Biographies tend to be either deadly boring or deeply engrossing. David Nasaw's biography of Joseph P Kennedy, the father of President John Fitzgerald Kennedy, is one of the engrossing sort. Enough time has gone by and enough actors in the Kennedy family tragedy have died that most of the papers of most of the Kennedys and of the people they wrote to and received letters from, as well as everybody's journals, are now available, primarily at the Kennedy Library in Boston. Nasaw has taken advantage of these newly released materials to fill in many of the blanks that remained in the Kennedy story.
Joseph Patrick Kennedy, the patriarch of the Kennedy clan, was far more prominent in American public life before World War II than I had realized. He started his fortune working for a family bank and investing in a stock market that was notoriously easy to game. By performing trades that were unethical but not illegal he amassed a large fortune, which he increased with his adventures in Hollywood. He sensed the 1929 disaster was coming and put his money into safe securities and real estate and then made another fortune shorting stocks as the crash unfolded.
When Franklin Roosevelt needed someone to head the newly formed Securities and Exchange Commission who better to write the rules than a man who had used every possible technique to play the market? Kennedy was immensely successful as SEC chairman, partly because he had another talent: self promotion. His name became a household word. He moved on to the newly-formed Maritime Commission and when he resigned from that post expected to be named secretary of the treasury.
Roosevelt may have made a disastrous error naming Kennedy as ambassador to England, but he wasn't so foolish as to make Kennedy treasury secretary. Kennedy and his family arrived in England to a riotous welcome. His popularily was at its peak. But it didn't take long for him to strike out on his own, giving speeches which contradicted the foreign policy to which the state department and Roosevelt expected him to adhere.
In the years immediately before the war he was an ardent appeaser, a close friend of Neville Chamberlain, and a strong proponent of treaties with Germany. He was deeply worried at the idea of a war and even when Hitler had demonstrated that he would comply with nothing he had promised to do, still Kennedy advised England to make peace with Hitler.

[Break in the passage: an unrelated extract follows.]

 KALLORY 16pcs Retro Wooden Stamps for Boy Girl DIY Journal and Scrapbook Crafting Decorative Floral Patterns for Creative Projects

By the time Kennedy came home and resigned his position he had made an enormous number of enemies in England and in the United States. His unpopularity put him in a position where Roosevelt was unwilling to give him any significant job when the US finally entered the war. He was offered the chairmanship of the Small Business Administration, at which he scoffed.
Still he hated the war and wanted the British to capitulate and the US to sign a treaty giving Hitler the continent in order to get us out of the now expanded and bloody war. He became increasingly anti-Semitic and increasingly outspoken about it. When his eldest son, Joseph P Kennedy, Jr, his son-in-law, Billy Hartington, and his daughter, Kathleen, were killed he became extremely bitter and began to talk of a conspiracy in which Roosevelt had purposely created a climate in which the war was inevitable. Kennedy became a pariah.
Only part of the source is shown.